• _DATA RECORDS_:
* * * * * * *

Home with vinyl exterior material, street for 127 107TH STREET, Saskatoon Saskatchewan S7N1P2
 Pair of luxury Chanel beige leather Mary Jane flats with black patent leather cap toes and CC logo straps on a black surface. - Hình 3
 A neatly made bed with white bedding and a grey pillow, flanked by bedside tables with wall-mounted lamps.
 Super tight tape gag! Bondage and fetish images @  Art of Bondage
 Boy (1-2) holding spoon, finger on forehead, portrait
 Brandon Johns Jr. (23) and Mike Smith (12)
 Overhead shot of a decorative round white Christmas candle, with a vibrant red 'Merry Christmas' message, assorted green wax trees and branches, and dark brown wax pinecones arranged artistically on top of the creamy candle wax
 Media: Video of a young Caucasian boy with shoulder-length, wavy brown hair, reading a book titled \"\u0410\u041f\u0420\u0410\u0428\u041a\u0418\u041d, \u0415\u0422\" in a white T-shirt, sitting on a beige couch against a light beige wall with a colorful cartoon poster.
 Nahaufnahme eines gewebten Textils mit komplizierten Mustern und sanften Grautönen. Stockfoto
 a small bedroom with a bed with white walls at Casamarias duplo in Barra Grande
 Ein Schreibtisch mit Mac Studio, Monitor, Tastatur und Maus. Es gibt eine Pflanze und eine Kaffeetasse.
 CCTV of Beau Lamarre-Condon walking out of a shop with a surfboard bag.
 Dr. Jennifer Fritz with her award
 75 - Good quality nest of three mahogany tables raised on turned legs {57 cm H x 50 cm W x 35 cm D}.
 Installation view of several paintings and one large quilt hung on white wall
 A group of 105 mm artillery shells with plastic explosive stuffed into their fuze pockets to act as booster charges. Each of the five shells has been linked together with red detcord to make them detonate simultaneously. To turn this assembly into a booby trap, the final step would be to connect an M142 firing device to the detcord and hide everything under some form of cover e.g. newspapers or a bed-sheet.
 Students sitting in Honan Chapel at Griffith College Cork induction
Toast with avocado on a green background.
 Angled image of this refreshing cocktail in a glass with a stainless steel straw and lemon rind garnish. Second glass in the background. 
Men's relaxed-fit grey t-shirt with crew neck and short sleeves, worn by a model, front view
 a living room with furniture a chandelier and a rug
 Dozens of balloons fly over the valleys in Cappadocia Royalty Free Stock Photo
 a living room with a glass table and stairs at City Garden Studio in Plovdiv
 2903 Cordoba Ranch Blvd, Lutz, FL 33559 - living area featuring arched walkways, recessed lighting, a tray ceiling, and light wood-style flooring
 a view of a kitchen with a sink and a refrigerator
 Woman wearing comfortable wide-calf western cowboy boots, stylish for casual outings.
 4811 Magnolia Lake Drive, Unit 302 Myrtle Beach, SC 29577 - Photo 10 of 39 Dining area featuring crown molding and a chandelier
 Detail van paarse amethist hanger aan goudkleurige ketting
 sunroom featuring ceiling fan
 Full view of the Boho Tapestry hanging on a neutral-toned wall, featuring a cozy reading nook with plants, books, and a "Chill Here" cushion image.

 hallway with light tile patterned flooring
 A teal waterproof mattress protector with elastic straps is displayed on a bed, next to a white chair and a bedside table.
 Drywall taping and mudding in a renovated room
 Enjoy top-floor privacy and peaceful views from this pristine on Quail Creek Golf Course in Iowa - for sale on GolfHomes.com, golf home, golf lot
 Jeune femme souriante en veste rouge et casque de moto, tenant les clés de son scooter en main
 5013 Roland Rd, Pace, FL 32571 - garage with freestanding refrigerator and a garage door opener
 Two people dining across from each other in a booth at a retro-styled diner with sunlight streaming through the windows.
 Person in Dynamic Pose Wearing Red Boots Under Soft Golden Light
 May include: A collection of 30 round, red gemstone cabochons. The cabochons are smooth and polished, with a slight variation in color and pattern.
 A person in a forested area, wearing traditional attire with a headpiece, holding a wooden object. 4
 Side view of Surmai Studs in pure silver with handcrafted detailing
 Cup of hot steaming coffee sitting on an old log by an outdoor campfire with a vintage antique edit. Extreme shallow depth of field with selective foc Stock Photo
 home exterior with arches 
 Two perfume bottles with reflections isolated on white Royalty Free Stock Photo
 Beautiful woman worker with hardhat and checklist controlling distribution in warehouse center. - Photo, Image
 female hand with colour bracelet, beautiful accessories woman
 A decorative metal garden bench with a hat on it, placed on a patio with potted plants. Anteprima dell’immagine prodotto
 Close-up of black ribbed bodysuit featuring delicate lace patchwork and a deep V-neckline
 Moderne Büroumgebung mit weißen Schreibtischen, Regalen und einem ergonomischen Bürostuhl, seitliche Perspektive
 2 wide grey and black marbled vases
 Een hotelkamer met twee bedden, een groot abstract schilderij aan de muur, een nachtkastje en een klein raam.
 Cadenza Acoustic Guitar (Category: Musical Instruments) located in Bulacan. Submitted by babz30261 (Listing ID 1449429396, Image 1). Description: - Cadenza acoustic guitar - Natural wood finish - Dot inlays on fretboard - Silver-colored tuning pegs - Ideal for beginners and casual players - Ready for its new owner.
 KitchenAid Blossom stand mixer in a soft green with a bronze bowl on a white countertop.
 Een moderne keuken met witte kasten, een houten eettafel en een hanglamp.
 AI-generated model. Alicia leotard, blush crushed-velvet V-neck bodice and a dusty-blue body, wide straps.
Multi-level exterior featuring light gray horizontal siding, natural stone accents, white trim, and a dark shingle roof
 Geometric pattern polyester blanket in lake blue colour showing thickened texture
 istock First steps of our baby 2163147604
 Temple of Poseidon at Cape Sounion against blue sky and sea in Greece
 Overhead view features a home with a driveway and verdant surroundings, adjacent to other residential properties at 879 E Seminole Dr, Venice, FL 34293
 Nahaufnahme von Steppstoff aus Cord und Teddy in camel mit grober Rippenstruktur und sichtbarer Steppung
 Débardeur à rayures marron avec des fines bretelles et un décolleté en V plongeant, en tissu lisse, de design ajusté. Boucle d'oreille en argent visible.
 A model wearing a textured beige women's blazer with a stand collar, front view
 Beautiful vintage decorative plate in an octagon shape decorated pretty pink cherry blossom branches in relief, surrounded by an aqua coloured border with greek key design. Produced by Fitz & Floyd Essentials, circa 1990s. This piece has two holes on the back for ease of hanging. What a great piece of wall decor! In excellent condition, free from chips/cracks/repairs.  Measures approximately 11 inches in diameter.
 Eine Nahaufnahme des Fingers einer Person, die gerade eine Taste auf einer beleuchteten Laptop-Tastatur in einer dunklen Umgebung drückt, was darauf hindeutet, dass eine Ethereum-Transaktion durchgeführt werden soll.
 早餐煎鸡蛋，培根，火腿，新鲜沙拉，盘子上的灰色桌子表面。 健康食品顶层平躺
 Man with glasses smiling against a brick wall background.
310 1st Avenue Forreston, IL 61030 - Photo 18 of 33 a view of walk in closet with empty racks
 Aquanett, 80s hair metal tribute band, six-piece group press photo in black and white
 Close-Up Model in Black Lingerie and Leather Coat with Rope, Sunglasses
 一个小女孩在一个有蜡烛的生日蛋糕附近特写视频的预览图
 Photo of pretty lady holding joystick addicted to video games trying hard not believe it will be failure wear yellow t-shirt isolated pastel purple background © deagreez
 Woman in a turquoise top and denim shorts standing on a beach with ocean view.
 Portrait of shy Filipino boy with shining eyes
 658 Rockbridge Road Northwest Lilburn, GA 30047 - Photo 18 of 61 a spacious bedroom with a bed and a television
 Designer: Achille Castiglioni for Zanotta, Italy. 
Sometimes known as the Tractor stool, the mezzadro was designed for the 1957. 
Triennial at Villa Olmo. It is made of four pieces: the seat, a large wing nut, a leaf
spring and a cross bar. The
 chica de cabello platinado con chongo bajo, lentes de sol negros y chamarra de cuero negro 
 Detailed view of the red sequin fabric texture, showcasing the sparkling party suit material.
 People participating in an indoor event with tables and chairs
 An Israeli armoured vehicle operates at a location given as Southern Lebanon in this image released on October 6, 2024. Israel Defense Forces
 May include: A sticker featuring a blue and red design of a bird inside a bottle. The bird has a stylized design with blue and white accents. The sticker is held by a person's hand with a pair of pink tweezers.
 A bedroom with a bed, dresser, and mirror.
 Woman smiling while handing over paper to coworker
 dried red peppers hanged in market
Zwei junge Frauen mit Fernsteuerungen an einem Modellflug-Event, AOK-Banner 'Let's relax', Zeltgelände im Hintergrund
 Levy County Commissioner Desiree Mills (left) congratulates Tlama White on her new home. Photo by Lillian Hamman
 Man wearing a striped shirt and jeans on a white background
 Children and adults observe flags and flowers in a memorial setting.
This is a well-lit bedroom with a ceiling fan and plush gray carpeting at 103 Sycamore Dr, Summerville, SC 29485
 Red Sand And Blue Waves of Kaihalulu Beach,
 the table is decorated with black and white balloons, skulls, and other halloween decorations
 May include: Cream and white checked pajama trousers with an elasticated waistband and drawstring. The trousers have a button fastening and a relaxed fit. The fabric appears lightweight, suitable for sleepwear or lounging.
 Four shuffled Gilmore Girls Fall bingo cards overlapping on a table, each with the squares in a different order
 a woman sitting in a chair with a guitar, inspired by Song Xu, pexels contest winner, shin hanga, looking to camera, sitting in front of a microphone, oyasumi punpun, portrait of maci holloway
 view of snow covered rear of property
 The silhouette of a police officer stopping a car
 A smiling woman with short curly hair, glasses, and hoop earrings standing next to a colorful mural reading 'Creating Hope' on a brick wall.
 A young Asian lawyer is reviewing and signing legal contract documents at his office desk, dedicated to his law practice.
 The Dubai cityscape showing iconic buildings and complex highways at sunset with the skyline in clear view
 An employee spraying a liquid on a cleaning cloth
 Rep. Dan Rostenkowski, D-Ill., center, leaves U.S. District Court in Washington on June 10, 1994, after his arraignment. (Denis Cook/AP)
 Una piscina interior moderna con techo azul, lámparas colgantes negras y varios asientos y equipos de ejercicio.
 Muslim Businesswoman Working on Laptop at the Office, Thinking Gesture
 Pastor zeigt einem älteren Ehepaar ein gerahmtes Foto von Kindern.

* * * * * * *

• _TASK_:
Reproducing the whole listing above is not the task. Copy exactly only the lines from the one with "Brandon Johns Jr. (23) and Mike Smith (12)" to the one with "Media: Video of", both kept.

• _OUTPUT FOR THIS EXERCISE_:
 Brandon Johns Jr. (23) and Mike Smith (12)
 Overhead shot of a decorative round white Christmas candle, with a vibrant red 'Merry Christmas' message, assorted green wax trees and branches, and dark brown wax pinecones arranged artistically on top of the creamy candle wax
 Media: Video of a young Caucasian boy with shoulder-length, wavy brown hair, reading a book titled \"\u0410\u041f\u0420\u0410\u0428\u041a\u0418\u041d, \u0415\u0422\" in a white T-shirt, sitting on a beige couch against a light beige wall with a colorful cartoon poster.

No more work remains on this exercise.